What you have to do:
Below is a listing. Return the lines from the one that contains "Itinéraire au Nord" to the one that contains "Floral Motivational Tote", both ends included, verbatim and with no pictures.
--- Extracted data Enclosed Below ---
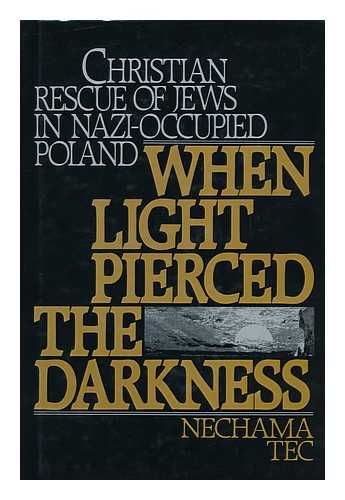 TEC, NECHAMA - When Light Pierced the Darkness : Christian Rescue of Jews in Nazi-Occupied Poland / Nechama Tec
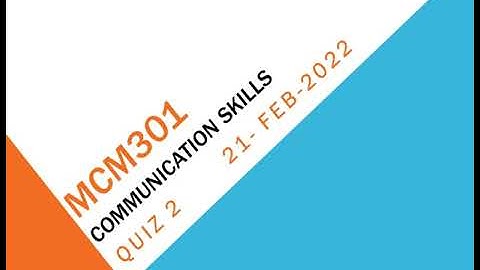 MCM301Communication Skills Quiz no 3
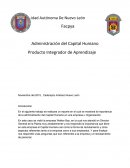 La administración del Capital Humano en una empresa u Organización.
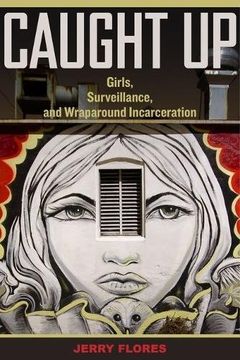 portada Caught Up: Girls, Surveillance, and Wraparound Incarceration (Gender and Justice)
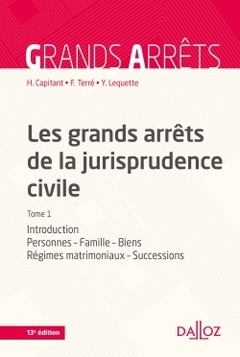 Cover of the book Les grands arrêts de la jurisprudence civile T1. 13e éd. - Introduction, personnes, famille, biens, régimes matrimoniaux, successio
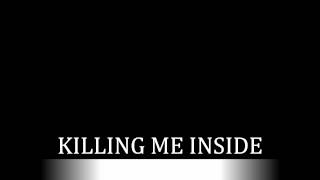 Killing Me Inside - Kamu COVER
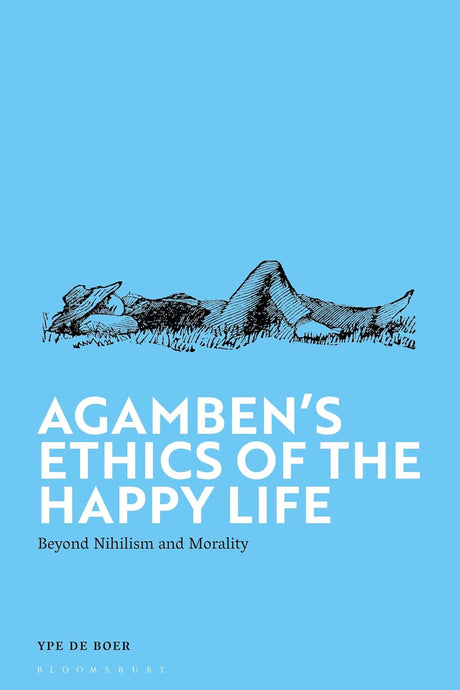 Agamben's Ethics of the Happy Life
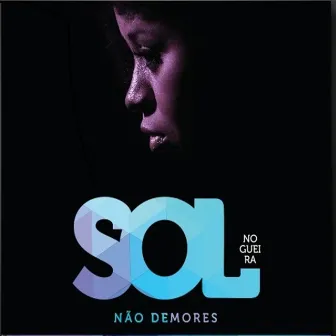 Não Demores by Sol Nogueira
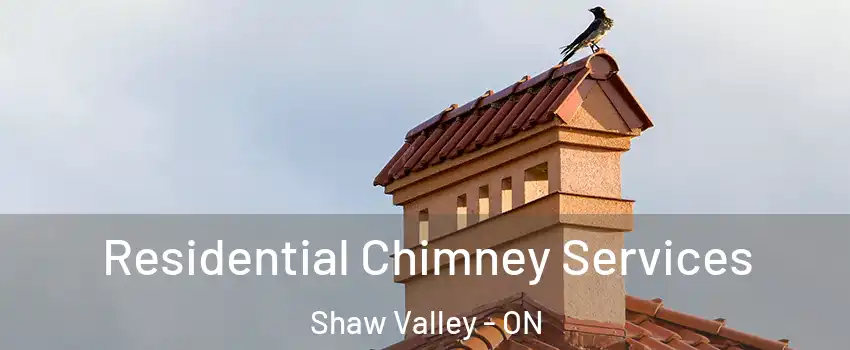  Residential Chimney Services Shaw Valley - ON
--- End of Enclosed Extracted data ---
--- Extracted data Enclosed Below ---
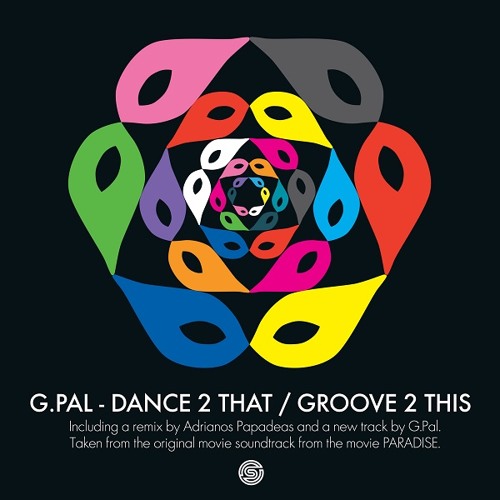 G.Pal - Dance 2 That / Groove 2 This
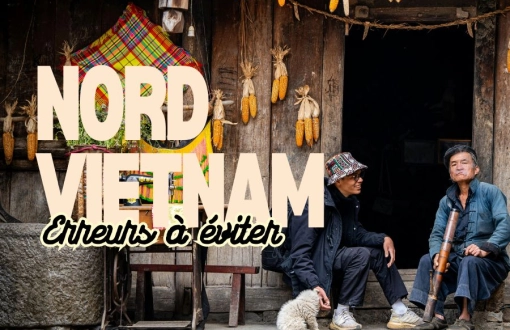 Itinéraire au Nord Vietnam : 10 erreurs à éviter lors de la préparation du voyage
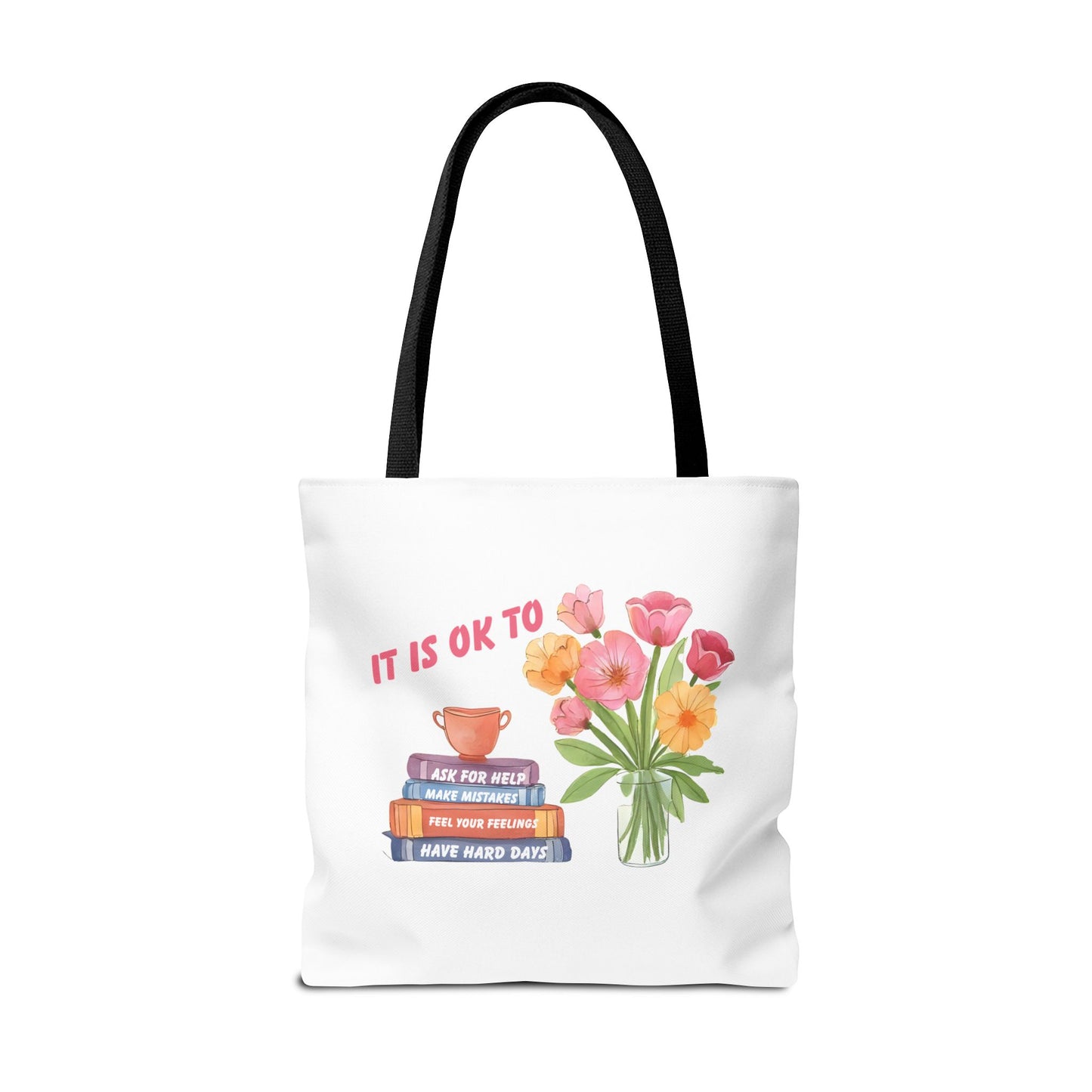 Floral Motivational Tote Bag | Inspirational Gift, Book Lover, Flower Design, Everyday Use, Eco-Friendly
--- End of Enclosed Extracted data ---
Task response:
 Itinéraire au Nord Vietnam : 10 erreurs à éviter lors de la préparation du voyage
 Floral Motivational Tote Bag | Inspirational Gift, Book Lover, Flower Design, Everyday Use, Eco-Friendly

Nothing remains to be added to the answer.